MATERIAL PROVIDED Start Marker
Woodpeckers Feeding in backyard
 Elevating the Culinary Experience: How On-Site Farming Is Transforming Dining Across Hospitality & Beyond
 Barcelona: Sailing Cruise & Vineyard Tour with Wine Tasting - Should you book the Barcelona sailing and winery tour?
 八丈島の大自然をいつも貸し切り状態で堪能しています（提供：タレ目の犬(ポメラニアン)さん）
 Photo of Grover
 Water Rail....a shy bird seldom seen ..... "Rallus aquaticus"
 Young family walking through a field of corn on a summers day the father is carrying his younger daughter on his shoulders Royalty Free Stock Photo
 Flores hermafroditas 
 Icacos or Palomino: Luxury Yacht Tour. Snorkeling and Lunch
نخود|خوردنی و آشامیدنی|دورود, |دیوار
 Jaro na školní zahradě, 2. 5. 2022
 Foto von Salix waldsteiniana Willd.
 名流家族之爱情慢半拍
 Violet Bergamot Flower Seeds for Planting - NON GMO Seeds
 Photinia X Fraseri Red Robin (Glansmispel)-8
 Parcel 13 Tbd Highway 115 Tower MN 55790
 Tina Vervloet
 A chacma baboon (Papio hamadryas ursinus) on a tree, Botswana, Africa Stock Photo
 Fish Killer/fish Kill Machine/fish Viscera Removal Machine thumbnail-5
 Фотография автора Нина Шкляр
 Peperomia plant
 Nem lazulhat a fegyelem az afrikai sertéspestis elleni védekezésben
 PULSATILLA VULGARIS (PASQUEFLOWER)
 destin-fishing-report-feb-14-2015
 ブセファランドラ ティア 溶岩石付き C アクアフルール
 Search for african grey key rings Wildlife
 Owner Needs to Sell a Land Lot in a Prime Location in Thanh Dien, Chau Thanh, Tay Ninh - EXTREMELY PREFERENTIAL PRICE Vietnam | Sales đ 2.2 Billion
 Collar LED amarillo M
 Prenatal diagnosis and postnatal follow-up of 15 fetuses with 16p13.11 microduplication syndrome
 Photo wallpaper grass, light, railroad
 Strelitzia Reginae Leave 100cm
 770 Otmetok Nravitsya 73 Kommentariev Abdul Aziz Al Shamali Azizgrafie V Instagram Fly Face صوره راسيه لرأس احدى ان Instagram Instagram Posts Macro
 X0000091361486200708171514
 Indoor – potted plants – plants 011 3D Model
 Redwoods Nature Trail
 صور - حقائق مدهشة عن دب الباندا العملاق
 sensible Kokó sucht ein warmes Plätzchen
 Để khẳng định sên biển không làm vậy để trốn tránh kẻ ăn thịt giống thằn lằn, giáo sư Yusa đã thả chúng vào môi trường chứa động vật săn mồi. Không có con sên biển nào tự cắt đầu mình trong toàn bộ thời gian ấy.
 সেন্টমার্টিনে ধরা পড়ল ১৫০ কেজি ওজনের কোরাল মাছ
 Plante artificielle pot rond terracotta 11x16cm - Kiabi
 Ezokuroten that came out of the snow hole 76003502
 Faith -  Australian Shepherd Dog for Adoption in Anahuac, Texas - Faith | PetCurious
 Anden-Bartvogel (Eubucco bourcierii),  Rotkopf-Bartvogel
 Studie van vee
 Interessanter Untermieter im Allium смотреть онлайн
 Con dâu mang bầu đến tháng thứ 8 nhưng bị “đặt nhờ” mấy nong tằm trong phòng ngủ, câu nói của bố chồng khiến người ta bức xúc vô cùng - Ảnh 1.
MATERIAL PROVIDED End Marker
- **EXERCISE**
Locate "Owner Needs to" in the data above. Then repeat, exactly, its line and each line after it through the last, adding nothing.

- **REPLY TO THE TASK**
 Owner Needs to Sell a Land Lot in a Prime Location in Thanh Dien, Chau Thanh, Tay Ninh - EXTREMELY PREFERENTIAL PRICE Vietnam | Sales đ 2.2 Billion
 Collar LED amarillo M
 Prenatal diagnosis and postnatal follow-up of 15 fetuses with 16p13.11 microduplication syndrome
 Photo wallpaper grass, light, railroad
 Strelitzia Reginae Leave 100cm
 770 Otmetok Nravitsya 73 Kommentariev Abdul Aziz Al Shamali Azizgrafie V Instagram Fly Face صوره راسيه لرأس احدى ان Instagram Instagram Posts Macro
 X0000091361486200708171514
 Indoor – potted plants – plants 011 3D Model
 Redwoods Nature Trail
 صور - حقائق مدهشة عن دب الباندا العملاق
 sensible Kokó sucht ein warmes Plätzchen
 Để khẳng định sên biển không làm vậy để trốn tránh kẻ ăn thịt giống thằn lằn, giáo sư Yusa đã thả chúng vào môi trường chứa động vật săn mồi. Không có con sên biển nào tự cắt đầu mình trong toàn bộ thời gian ấy.
 সেন্টমার্টিনে ধরা পড়ল ১৫০ কেজি ওজনের কোরাল মাছ
 Plante artificielle pot rond terracotta 11x16cm - Kiabi
 Ezokuroten that came out of the snow hole 76003502
 Faith -  Australian Shepherd Dog for Adoption in Anahuac, Texas - Faith | PetCurious
 Anden-Bartvogel (Eubucco bourcierii),  Rotkopf-Bartvogel
 Studie van vee
 Interessanter Untermieter im Allium смотреть онлайн
 Con dâu mang bầu đến tháng thứ 8 nhưng bị “đặt nhờ” mấy nong tằm trong phòng ngủ, câu nói của bố chồng khiến người ta bức xúc vô cùng - Ảnh 1.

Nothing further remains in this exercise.